→ What you will do
In the records below, find the line with "12407 Aquaplex Drive Buda TX 78610", then copy each line exactly until you have copied the line with "Load image into". Leave any picture out.

→ Source material
•••

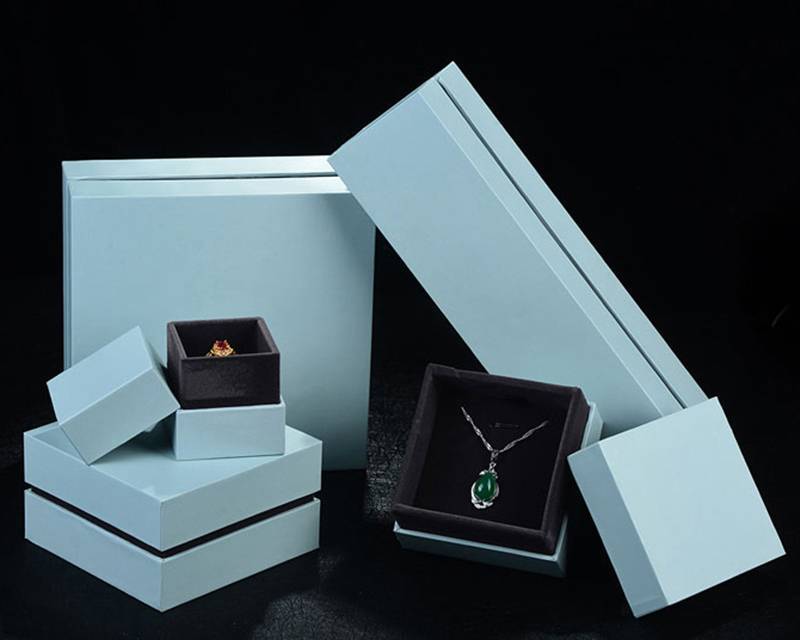 Wholesale Premium Custom Logo Paper Cardboard Velvet Foam Insert Ring Bracelet Gift Packaging Private Label Jewelry Box Featured Image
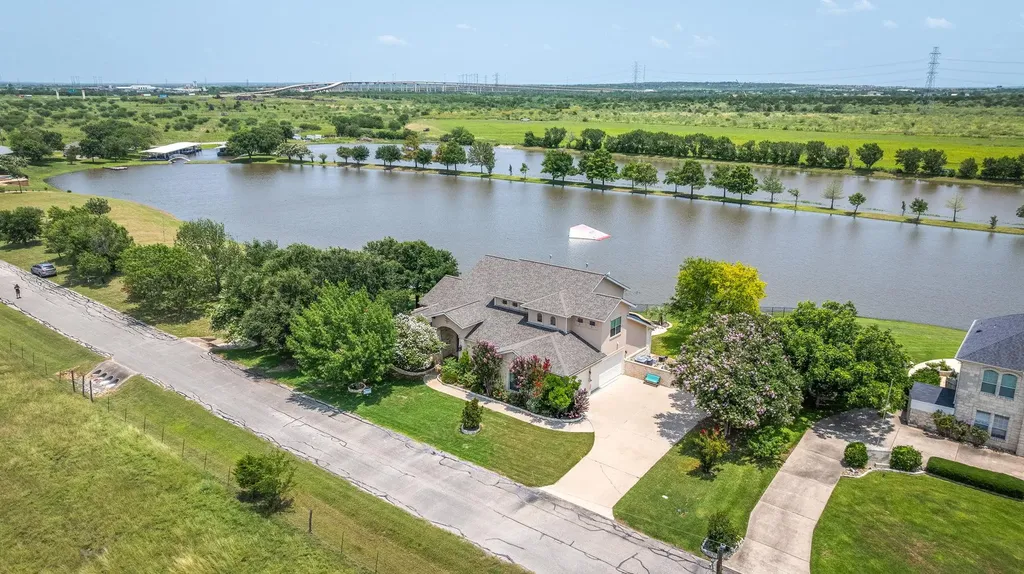 12407 Aquaplex Drive Buda TX 78610
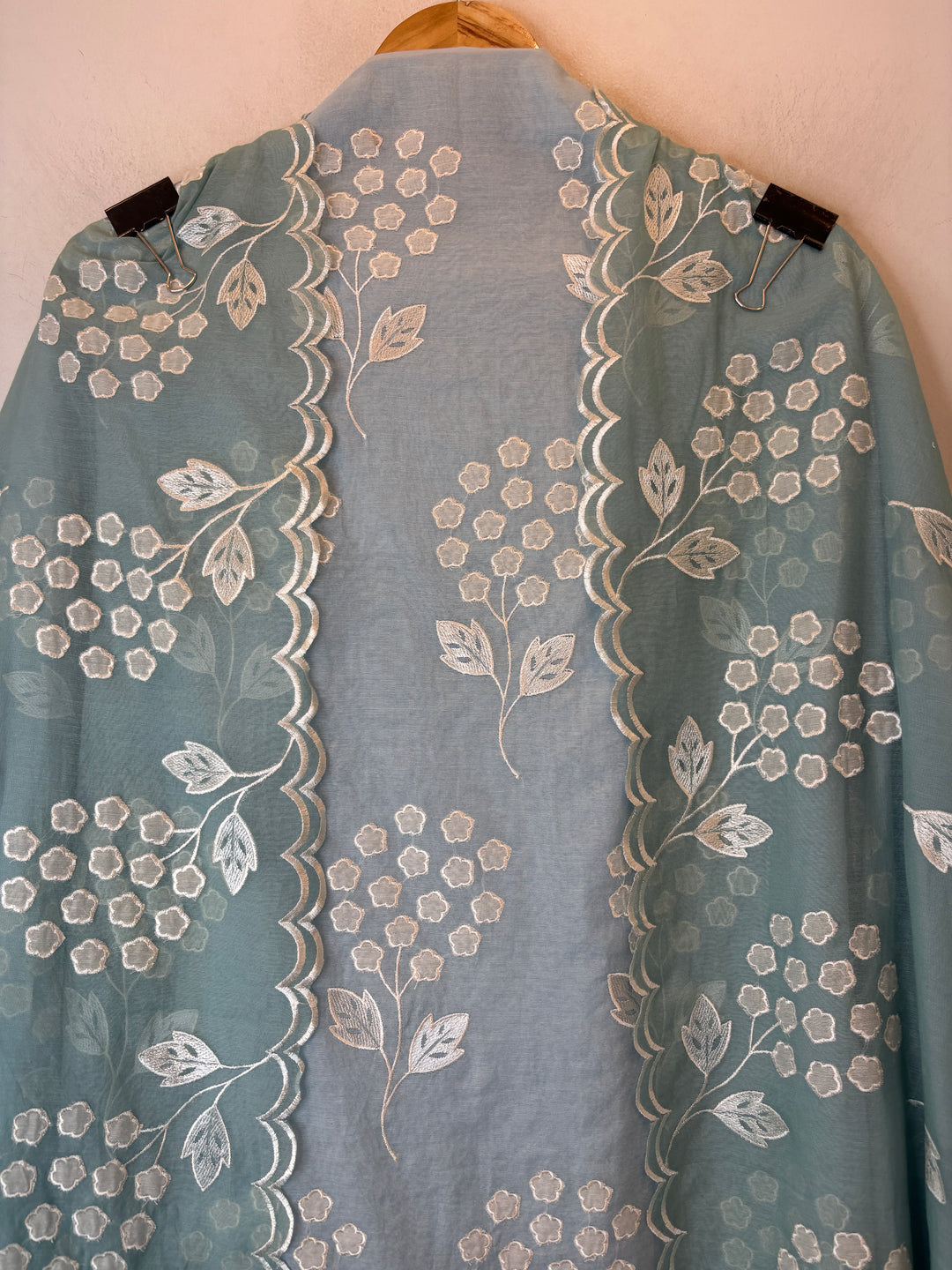 Zivara – Blue Mul Chanderi Ombre Appliqué Work Unstitched Suit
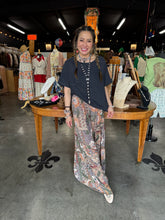 Load image into Gallery viewer, Camille &amp; Company - Basic Linen Top
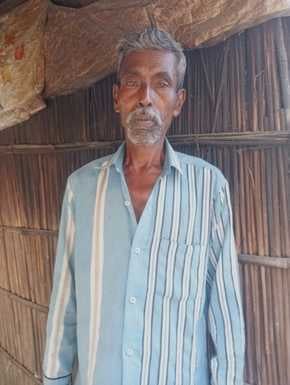 पूरनपुर क्षेत्र के गांव राहुलनगर के पास चल रहा बाढ़ बचाव कार्य स्रोत : ग्रामीण पूरनपुर क्षेत्र के गांव राहुलनगर के पास चल रहा बाढ़ बचाव कार्य स्रोत : ग्रामीण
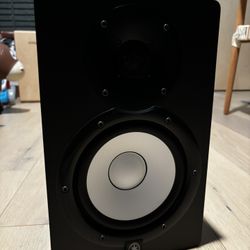 Yamaha Studio Speaker Model HS7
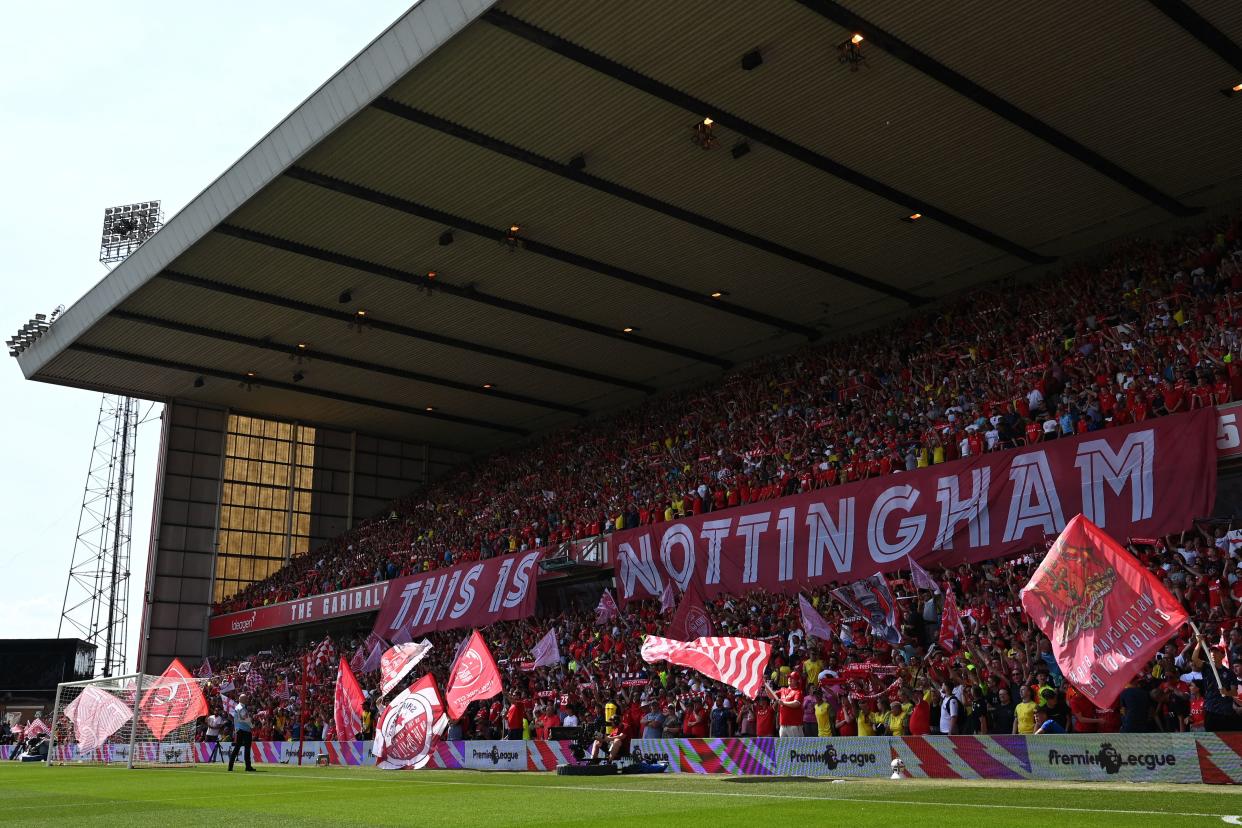 Afición del Nottingham Forest celebra la vuelta a la Premier League. (Photo by PAUL ELLIS/AFP via Getty Images)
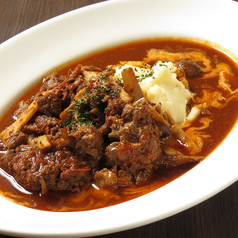 牛すじ肉の赤ワイン煮込み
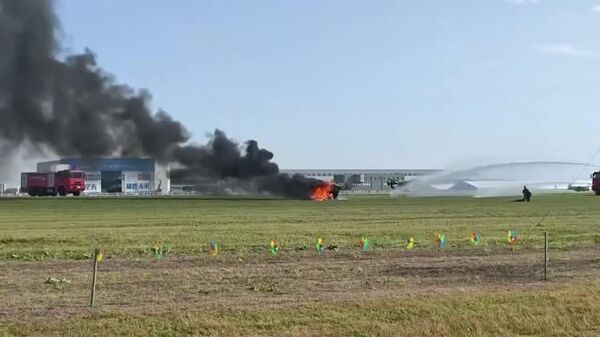 В Китае столкнулись два летающих автомобиля - Sputnik Узбекистан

•••

→ Answer section
 12407 Aquaplex Drive Buda TX 78610
 Zivara – Blue Mul Chanderi Ombre Appliqué Work Unstitched Suit
 Load image into Gallery viewer, Camille &amp; Company - Basic Linen Top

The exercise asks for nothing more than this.